Stop aux démolitions, stop à la spéculation
Comment maintenir ses profits en tant que propriétaire immobilier alors que tous les immeubles sont occupés et que la construction ralentit? Simple, il suffit de démolir pour reconstruire à neuf!

Genève se caractérise par une forte pénurie de logements, avec un taux de vacance de 0,34%, ce qui signifie que le nombre de logements disponibles n’a jamais été aussi bas depuis 2012. En même temps, les terrains constructibles en ville se raréfient, et les projets de déclassement de terrains en zone-villas se heurtent à des oppositions fortes de la part des propriétaires.
Deux projets similaires
Toujours à la recherche de solutions pour augmenter leurs rendements, certains propriétaires immobiliers institutionnels optent désormais pour des projets de démolitions/reconstructions. Deux projets de ce type ont fait parler d’eux récemment: l’un, à la Place des Augustins, où le propriétaire (Zurich Assurance) a résilié les baux des locataires en vue de démolir un immeuble datant du début des années 1950, et comptant une septantaine d’appartements occupés par des locataires à revenus modestes, pour le reconstruire à neuf. L’autre, dans le quartier de la Servette, où un fonds appartenant à UBS, propriétaire de plusieurs immeubles datant de la fin des années 1950, a obtenu l’autorisation de démolir une partie des bâtiments en vue de les reconstruire.

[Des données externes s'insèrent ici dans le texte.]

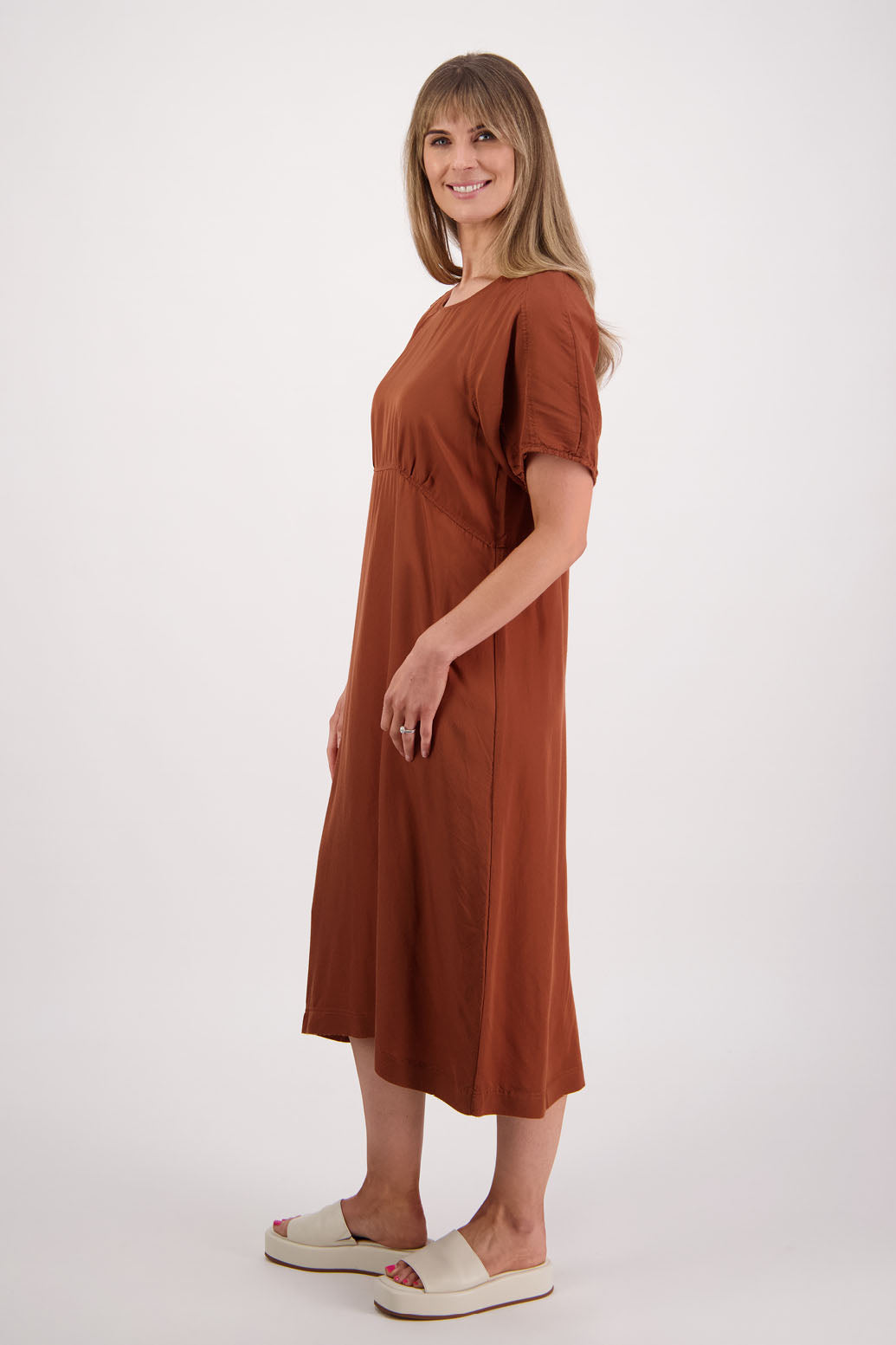 Womens tan dress with curved empire line bodice. Slim fitting body and midi length. Viscose. Briarwood NZ. Stacey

Des habitant·es se mobilisent
Dans les deux situations, des associations de locataires se sont formées pour s’opposer à ces projets, par la voie légale, mais aussi en lançant une pétition et en cherchant à mobiliser l’opinion. Leur combat doit être soutenu, car ce type de projet de démolition/reconstruction aboutit, à terme, à évincer les locataires les plus modestes au profit de locataires plus aisé·es, et contribue ainsi à la «gentrification» de la ville.
Même si Genève dispose d’une loi cantonale (la LDTR) qui impose un contrôle des loyers pour les nouveaux appartements créés suite à une démolition/reconstruction, celui-ci est limité dans le temps (maximum 10 ans).

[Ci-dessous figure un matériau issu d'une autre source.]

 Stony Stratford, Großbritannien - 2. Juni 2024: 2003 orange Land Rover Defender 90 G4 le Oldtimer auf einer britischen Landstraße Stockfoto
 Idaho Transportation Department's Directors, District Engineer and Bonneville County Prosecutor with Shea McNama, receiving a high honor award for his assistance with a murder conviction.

Une étude de l’EPFZ publiée cet été, menée dans cinq grandes villes, dont Genève, a montré que les revenus des nouveaux locataires ayant emménagé après reconstruction ou rénovation lourde des immeubles étaient nettement supérieurs, de l’ordre de 70%, à ceux des locataires précédents.

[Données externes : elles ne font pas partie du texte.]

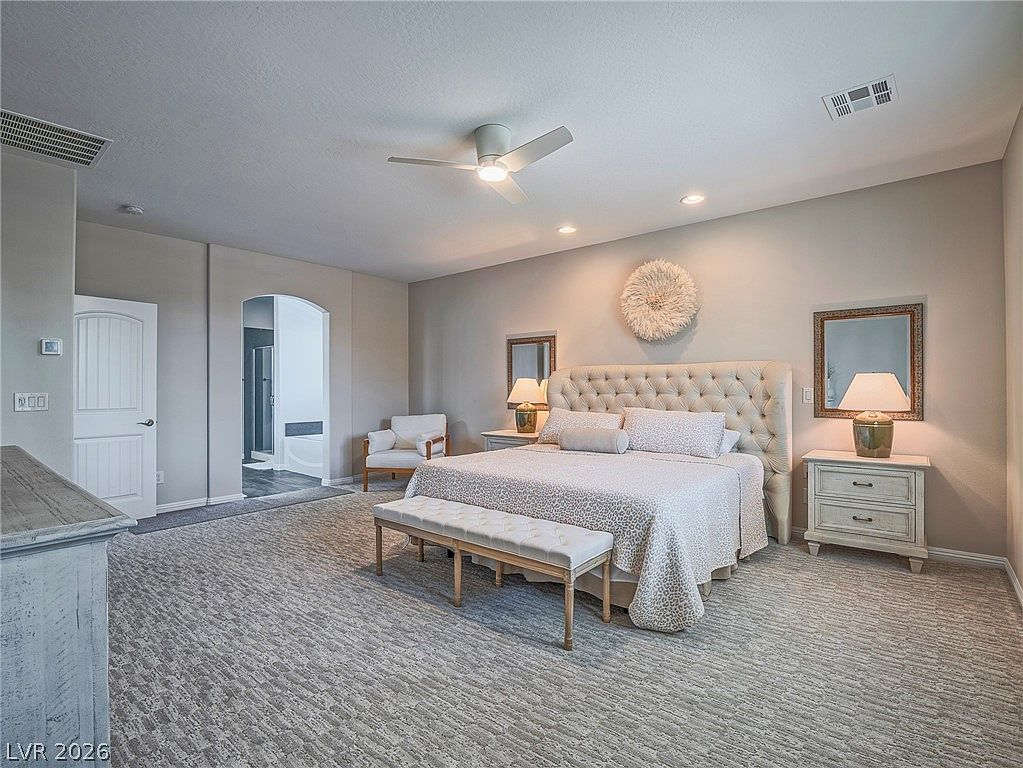 Primary bedroom with ensuite bath archway and neutral tones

Par ailleurs, d’un point de vue écologique, les démolitions/reconstructions constituent une aberration, et ne devraient être admises que dans des cas tout à fait exceptionnels.
Le combat des habitant·es des Augustins et de la Servette a ainsi une portée qui dépasse le sort des locataires des immeubles concernés, mais qui pose également la question du «droit à la ville», et en particulier du droit des couches populaires à ne pas se faire évincer du centre-ville et expulser à la périphérie sous la pression des intérêts financiers des grands propriétaires immobiliers.